Пылай, камин, в моей пустынной келье;
А ты, вино, осенней стужи друг,
Пролей мне в грудь отрадное похмелье,
Минутное забвенье горьких мук… —
и до последних стихов – о быстротечности бытия и горьком сочувствии тому, кому «под старость день Лицея торжествовать придется одному»:
Несчастный друг! средь новых поколений
Докучный гость и лишний, и чужой,
Он вспомнит нас и дни соединений,
Закрыв глаза дрожащею рукой…
Но жизнелюбие, вера в конечное торжество добра и справедливости побеждают грустные думы, и кончает поэт на мажорной ноте:
Пускай же он с отрадой хоть печальной
Тогда сей день за чашей проведет,
Как ныне я, затворник ваш опальный,
Его провел без горя и забот.
«19 октября» едва ли не самое полное выражение душевного состояния Пушкина в эту вторую михайловскую осень. Он никогда не забывал Лицей. Недавние встречи с Пущиным, Дельвигом, Горчаковым сделали воспоминания еще более живыми, реальными. С «днями Лицея» было связано для него все лучшее в жизни – молодость, дружба, свобода, поэзия, и возвращение в мыслях к этим дням в такое трудное время тревожных ожиданий было не только естественно, но и необходимо.
В осенние месяцы 1825 года, как всегда в тяжелые, тревожные моменты своей жизни, поэт находил спасение в работе.
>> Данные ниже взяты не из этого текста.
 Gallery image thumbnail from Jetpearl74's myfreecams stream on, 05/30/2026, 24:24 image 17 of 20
Они оказались столь же плодотворными, как и предыдущая осень 1824 года. Прав был Рылеев – Пушкин действительно шагал «шагами великана», создавал произведения, определяющие рождение новой русской литературы. В октябре – начале декабря, кроме лирических стихотворений, посланий, посвящений, эпиграмм, кроме «19 октября» и «Сцены из Фауста», были закончены четвертая глава «Евгения Онегина», «Борис Годунов», написан «Граф Нулин».
«В 4-ой песне Онегина я изобразил свою жизнь»
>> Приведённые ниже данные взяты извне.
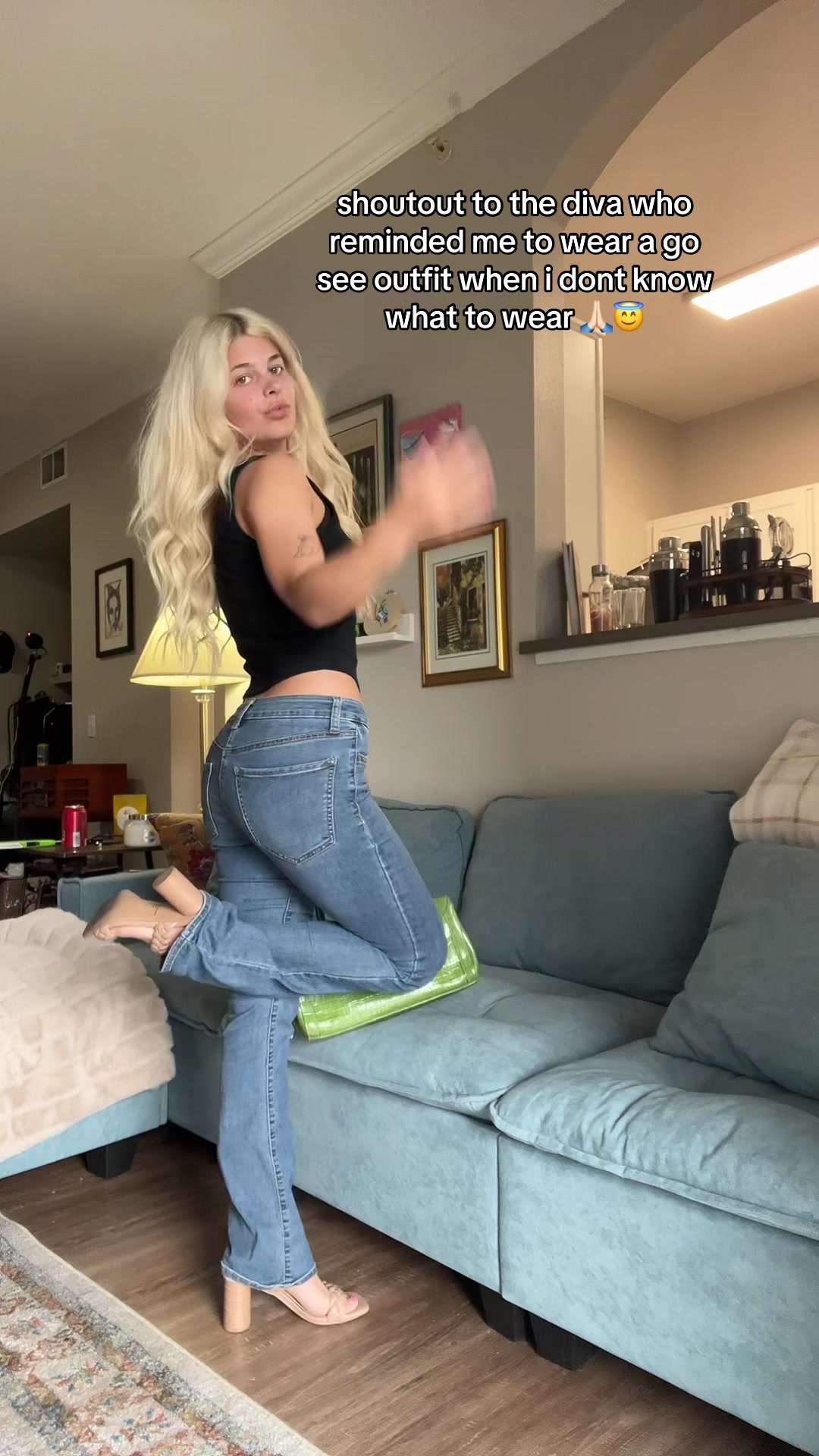 @L E A H ☀️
Когда Пушкин уезжал из Одессы, большая тетрадь в черном переплете с масонским знаком – подарок казначея ложи «Овидий» Н. А. Алексеева, куда поэт записывал строфы своего поэтического романа «Евгений Онегин», была заполнена до 11-й страницы. Последней была записана XXXII строфа третьей главы. Дальше «масонская книга» заполнялась уже в Михайловском.
К продолжению работы над романом Пушкин приступил вскоре по приезде в деревню. Под переработанной XXXII строфой третьей главы стоит дата «5 сентября 1824 г.». Работа шла весьма интенсивно. 2 октября 1824 года третья глава была закончена, а вскоре начата четвертая.
Над четвертой главой Пушкин работал весь 1825 год, одновременно со многими другими произведениями. Последняя, LI строфа помечена 6 февраля 1826 года.
В перечне глав романа, составленном Пушкиным, четвертая глава названа «Деревня». Впрочем, уже вторая и третья главы, создававшиеся еще в Одессе, могли бы носить то же название – так тесно связаны описываемые в них события, характеры и судьбы героев с русской деревней, всем укладом ее жизни, природой и бытом. Однако именно в центральных главах романа, созданных в Михайловском, деревня стала не просто фоном, на котором происходит действие, а органической частью этого действия, как в первой главе – Петербург.